The Diver's Watch
The Submariner is the watch that defined what a modern dive watch should be. Introduced in 1953, it was Rolex's answer to a straightforward problem: divers needed a way to track elapsed time underwater, and existing watches weren't built for the job. The rotating bezel, luminous markers, and water-resistant Oyster case became the template that nearly every dive watch since has borrowed from in some form.
What keeps the Submariner relevant on the secondary market isn't nostalgia, it's that the design has barely needed to change. Rolex has refined water resistance, movement accuracy, and bracelet engineering over seven decades, but the silhouette a buyer recognizes from 1965 still reads as a Submariner today. That continuity is part of why certain references, especially older steel models with aluminum bezels, the "Kermit" and "Hulk" green variants, and vintage Mark editions, command outsized premiums relative to their age.
On WatchQuant, Submariner pricing tends to be the most liquid in the catalog. Listing volume is consistently high across nearly every reference, which means market mid prices here are usually a reliable read on true demand rather than a thin sample skewed by one or two outlier listings.
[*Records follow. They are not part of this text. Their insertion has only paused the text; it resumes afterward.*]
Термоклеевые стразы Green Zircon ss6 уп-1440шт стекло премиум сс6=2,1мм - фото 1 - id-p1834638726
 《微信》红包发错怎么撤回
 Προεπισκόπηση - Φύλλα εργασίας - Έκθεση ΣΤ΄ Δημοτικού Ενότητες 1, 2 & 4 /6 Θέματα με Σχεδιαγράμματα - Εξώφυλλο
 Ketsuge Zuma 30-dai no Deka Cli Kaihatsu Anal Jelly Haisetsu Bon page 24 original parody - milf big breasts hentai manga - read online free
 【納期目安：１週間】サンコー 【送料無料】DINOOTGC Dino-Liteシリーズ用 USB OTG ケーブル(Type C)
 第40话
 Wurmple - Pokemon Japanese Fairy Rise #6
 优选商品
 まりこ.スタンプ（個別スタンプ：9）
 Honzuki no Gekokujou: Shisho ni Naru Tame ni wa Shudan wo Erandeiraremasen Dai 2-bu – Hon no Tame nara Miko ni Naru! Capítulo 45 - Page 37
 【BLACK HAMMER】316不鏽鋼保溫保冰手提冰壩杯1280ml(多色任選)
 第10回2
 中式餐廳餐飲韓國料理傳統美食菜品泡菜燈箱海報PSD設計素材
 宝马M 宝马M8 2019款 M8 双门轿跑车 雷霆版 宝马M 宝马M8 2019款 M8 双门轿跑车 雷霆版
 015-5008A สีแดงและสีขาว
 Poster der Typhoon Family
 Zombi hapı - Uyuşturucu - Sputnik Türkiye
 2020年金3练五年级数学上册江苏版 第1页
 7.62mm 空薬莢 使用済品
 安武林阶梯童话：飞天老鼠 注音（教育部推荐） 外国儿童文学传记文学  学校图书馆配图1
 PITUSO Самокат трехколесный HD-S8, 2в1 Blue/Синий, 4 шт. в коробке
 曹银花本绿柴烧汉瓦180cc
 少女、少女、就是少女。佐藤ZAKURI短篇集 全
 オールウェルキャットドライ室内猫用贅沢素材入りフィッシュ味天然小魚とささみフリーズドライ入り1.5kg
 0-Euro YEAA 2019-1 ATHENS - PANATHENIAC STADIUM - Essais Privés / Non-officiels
No-date Submariners and the ceramic-bezel Hulk and Kermit references have historically traded at the steepest premiums over retail, driven by allocation scarcity at authorized dealers rather than any change in production cost.
For collectors building a first serious Rolex purchase, the Submariner is usually the reference point against which everything else gets measured, both in terms of design language and resale liquidity.